BMW, Great Wall confirm Chinese Mini production talks
Luxury German carmaker BMW is in talks to produce its Mini models in China in partnership with Great Wall Motor Co., the Chinese carmaker said on Friday.
The carmakers have been discussing plans to launch electric and conventional Mini models for 18 months, Great Wall said in a stock exchange filing that described the talks as preliminary. BMW said it planned to grow the Mini brand in China with a new local partner, without naming Great Wall.
Great Wall’s shares had surged 14 percent on Wednesday and were later suspended after Reuters reported that it was discussing a joint venture with the German premium manufacturer, focused on electric vehicles.
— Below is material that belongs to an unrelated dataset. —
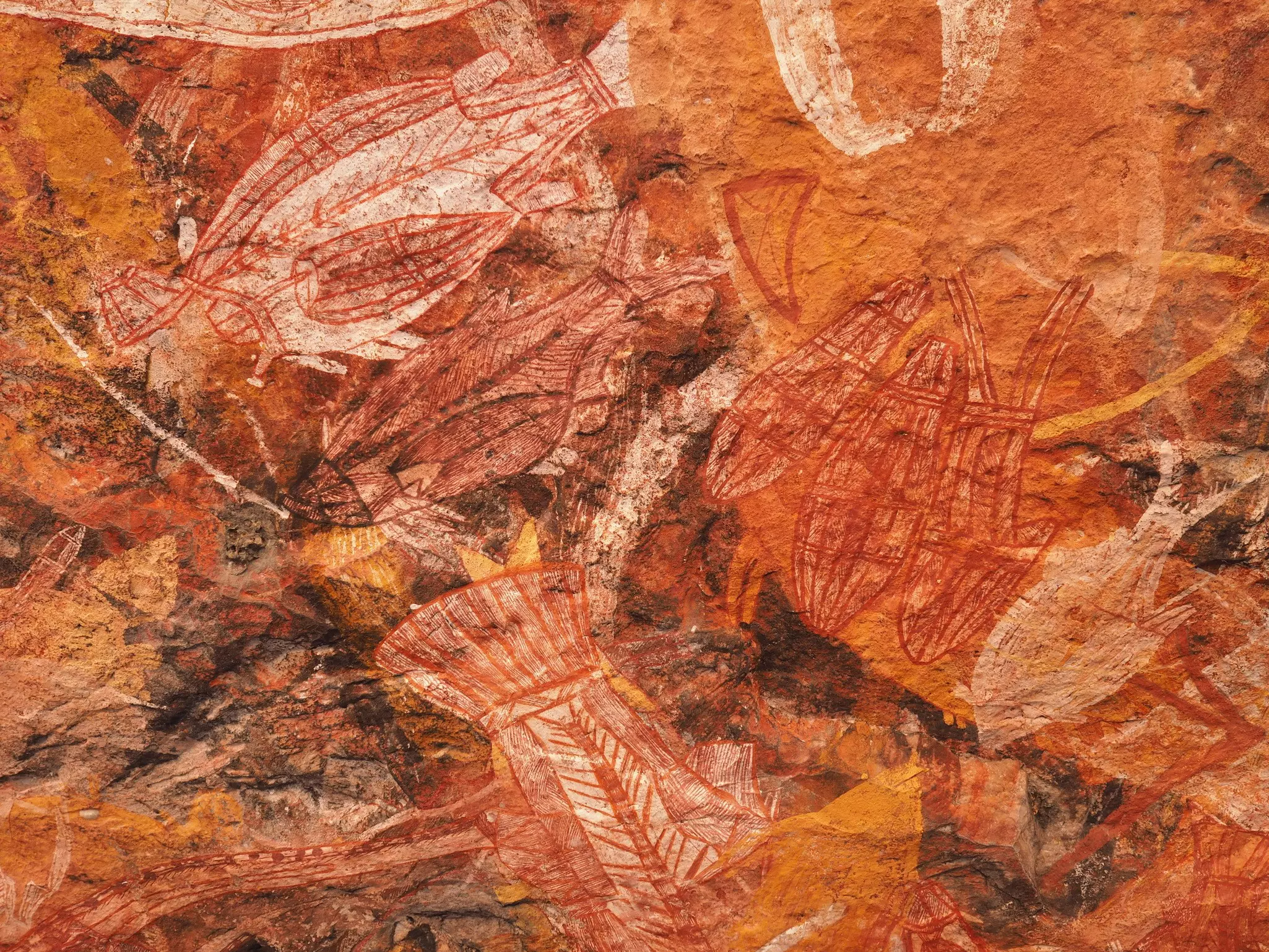 A series of ancient etchings of fish on a wall in red, orange, white, yellow and black.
Trading in the stock will resume on Monday, the company said.
Automakers and suppliers are scrambling to meet tough new official Chinese quotas for zero-emission cars, which call for electric and rechargeable hybrid vehicles to account for 20 percent of total sales by 2025.
BMW, which already has one Chinese manufacturing venture with Brilliance, is launching European production of an electric Mini at its British plant near Oxford in 2019.
If successfully concluded, the BMW-Great Wall talks could yield a first foreign manufacturing partner for Great Wall and a first Mini assembly site outside Europe for the German group.
The Mini brand’s planned expansion in China “does not call into question our commitment to our facilities in Britain”, BMW said in a statement. “It is only possible to accelerate growth of Mini in China with a local partner.”